Les jeux ne sont pas toujours futiles. Ils contribuent souvent à rétablir des équilibres menacés soit en servant d’exutoire (vengeance virtuelle), soit en créant des compensations (succès virtuels). Par exemple, battre ses parents dans un jeu constitue pour l’enfant, qui est presque toujours en situation d’infériorité, une saine revanche. Le père ou la mère qui joue avec ses enfants et quelquefois perd, n’a pas toujours conscience de libérer son ou ses enfants des effets négatifs de son autorité. En outre, la fonction ludique répond à au moins deux besoins : valoriser les joueurs et créer ou entretenir des relations entre eux. Dans notre société qui sécrète exclusion et solitude, ces deux vertus du jeu sont capitales.
Travail et jeu
Dans les sociétés traditionnelles, le jeu était souvent intégré aux autres activités de la vie. À la campagne, parce que la récolte était aussi une fête, on chantait en moissonnant et toutes sortes de coutumes agrémentaient le travail. La mécanisation et la nécessité d’augmenter le rendement ont peu à peu fait disparaître ou renvoyé à des jours particuliers l’aspect festif et ludique du travail. C’est tout juste si l’on a le droit de s’adresser à son voisin d’atelier ! Peu à peu, comme si c’était une grande découverte, on redonne de l’importance aux relations humaines à l’intérieur des entreprises ! Qu’en est-il des Eglises ? Elles rassemblent souvent des gens qui se connaissent peu. Repas fraternels et sorties permettent de tisser des liens. Mais si l'on n'y veille pas, la convivialité peut favoriser la formation de clans.

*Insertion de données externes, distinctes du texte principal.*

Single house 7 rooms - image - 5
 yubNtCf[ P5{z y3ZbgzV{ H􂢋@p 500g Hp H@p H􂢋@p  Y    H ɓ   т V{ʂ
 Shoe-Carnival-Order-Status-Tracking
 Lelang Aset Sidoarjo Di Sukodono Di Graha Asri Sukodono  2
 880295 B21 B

Communion fraternelle et jeu
Des rencontres bibliques à caractère ludique permettent de donner à chacun sa place. Le débutant ne se sent pas dépassé et le « vieux routier » de la Bible est tout surpris de découvrir qu'il lui est encore possible d'aborder les textes comme s'il était un nouveau venu. S’identifier à un personnage biblique, rebondir à une remarque, chercher ensemble la solution à une énigme, reconstituer une scène, se mettre d’accord pour choisir des signes à placer dans la marge d’un texte biblique – ce ne sont que quelques exemples – non seulement sont des démarches qui font « entrer dans le texte », mais elles créent ou renforcent les relations entre les participants et elles insufflent la dose de plaisir propre au jeu.
Si tout le monde aime jouer, on aime ou l’on n’aime pas certains jeux. C’est pourquoi l’équipe d’animation sera attentive à varier les méthodes d’animation. Pour tenter des expériences, nous ne saurions trop recommander le petit manuel d’animation biblique « Études et Variations » (éditions LLB). Il propose un série de méthodes qui ont fait leurs preuves avec des jeunes et des moins jeunes.
Le côté ludique de l'animation n'exclut pas l'étude biblique, mais y donne accès ou la renouvelle. Il y introduit ou permet de la conclure. C'est tout l'art des animateurs de savoir doser interactivité, jeu et interventions magistrales.